Exercise requirements :: Whenever a line in the data holds the string "Package", pull that line out.
__________
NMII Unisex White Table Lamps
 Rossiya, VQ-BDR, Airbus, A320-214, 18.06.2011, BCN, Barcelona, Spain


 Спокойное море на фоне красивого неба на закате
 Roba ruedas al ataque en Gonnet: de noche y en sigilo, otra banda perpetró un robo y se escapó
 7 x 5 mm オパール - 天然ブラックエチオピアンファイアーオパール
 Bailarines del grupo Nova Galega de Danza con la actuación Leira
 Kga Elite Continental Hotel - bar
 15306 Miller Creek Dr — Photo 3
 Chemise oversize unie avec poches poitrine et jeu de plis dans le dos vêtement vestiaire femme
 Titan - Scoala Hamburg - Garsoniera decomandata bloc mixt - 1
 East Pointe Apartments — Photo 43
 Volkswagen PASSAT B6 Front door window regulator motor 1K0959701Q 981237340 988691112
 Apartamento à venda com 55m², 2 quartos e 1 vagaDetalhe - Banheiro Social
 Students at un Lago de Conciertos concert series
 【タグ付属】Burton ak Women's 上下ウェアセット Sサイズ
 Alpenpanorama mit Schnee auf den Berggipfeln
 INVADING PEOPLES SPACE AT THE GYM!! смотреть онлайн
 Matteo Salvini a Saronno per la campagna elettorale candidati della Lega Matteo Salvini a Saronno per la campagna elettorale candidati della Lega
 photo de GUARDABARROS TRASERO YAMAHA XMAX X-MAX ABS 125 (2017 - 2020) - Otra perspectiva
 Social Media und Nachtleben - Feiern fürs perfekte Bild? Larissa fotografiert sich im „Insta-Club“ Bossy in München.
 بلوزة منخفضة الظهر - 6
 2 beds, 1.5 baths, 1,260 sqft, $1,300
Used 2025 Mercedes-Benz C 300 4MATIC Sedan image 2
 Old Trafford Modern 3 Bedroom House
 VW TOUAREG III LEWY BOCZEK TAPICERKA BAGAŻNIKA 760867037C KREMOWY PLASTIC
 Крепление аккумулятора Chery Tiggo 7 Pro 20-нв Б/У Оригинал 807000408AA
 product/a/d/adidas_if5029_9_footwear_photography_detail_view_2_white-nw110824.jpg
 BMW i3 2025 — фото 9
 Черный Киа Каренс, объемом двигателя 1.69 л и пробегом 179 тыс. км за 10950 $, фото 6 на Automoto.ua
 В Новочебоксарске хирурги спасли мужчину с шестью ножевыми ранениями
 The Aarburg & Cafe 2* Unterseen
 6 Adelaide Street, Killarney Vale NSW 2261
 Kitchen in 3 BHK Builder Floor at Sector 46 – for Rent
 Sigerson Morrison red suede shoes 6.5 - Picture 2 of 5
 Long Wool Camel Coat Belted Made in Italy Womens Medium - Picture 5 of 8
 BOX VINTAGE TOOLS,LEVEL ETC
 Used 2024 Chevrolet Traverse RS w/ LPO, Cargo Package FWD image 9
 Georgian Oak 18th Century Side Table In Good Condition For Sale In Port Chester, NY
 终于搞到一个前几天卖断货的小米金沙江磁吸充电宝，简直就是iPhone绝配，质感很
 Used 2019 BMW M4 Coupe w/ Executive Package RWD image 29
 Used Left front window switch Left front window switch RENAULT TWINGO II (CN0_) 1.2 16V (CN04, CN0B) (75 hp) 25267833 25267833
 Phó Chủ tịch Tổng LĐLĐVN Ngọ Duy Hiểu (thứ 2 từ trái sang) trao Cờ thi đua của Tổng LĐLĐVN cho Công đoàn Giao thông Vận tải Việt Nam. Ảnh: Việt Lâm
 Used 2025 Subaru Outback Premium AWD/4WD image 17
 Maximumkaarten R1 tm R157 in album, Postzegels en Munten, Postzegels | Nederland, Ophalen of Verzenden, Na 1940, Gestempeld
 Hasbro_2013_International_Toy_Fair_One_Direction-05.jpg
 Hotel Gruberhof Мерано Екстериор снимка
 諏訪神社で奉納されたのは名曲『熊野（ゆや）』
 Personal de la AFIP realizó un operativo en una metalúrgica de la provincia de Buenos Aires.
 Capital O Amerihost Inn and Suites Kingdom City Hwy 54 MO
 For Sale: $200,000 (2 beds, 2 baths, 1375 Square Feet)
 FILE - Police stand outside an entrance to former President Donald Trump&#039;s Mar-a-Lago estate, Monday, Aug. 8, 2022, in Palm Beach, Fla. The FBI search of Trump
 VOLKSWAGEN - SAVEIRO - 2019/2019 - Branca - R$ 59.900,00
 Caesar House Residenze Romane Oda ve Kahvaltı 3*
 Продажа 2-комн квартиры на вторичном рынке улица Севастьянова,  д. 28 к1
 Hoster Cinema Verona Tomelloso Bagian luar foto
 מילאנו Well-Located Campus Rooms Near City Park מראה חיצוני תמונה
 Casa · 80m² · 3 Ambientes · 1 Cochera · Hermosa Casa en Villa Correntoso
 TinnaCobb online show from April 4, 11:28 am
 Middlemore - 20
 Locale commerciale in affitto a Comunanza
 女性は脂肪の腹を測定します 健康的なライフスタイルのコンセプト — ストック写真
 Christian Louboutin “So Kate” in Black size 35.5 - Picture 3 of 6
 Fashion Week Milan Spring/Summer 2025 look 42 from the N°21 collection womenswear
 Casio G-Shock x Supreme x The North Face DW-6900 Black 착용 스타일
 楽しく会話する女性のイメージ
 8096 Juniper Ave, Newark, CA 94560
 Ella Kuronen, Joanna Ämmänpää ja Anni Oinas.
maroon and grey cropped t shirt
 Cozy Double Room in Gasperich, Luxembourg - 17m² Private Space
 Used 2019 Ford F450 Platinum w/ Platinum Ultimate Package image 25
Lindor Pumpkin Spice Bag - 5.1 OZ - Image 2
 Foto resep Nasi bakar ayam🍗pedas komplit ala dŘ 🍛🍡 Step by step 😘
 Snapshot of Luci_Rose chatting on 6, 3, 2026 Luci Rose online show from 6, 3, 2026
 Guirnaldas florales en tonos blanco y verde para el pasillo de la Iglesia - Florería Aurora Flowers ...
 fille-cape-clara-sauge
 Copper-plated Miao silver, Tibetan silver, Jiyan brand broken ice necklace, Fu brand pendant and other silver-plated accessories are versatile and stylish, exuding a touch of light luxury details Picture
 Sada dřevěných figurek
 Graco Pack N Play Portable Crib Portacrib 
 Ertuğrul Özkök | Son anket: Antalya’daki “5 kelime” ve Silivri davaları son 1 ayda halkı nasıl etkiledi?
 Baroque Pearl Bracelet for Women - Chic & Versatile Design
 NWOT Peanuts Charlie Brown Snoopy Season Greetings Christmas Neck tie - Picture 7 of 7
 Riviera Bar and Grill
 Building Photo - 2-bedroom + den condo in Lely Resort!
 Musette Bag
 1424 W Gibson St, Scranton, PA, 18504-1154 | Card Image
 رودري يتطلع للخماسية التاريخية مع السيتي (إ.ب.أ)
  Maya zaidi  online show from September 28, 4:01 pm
__________
Task answer ::
 Used 2024 Chevrolet Traverse RS w/ LPO, Cargo Package FWD image 9
 Used 2019 BMW M4 Coupe w/ Executive Package RWD image 29
 Used 2019 Ford F450 Platinum w/ Platinum Ultimate Package image 25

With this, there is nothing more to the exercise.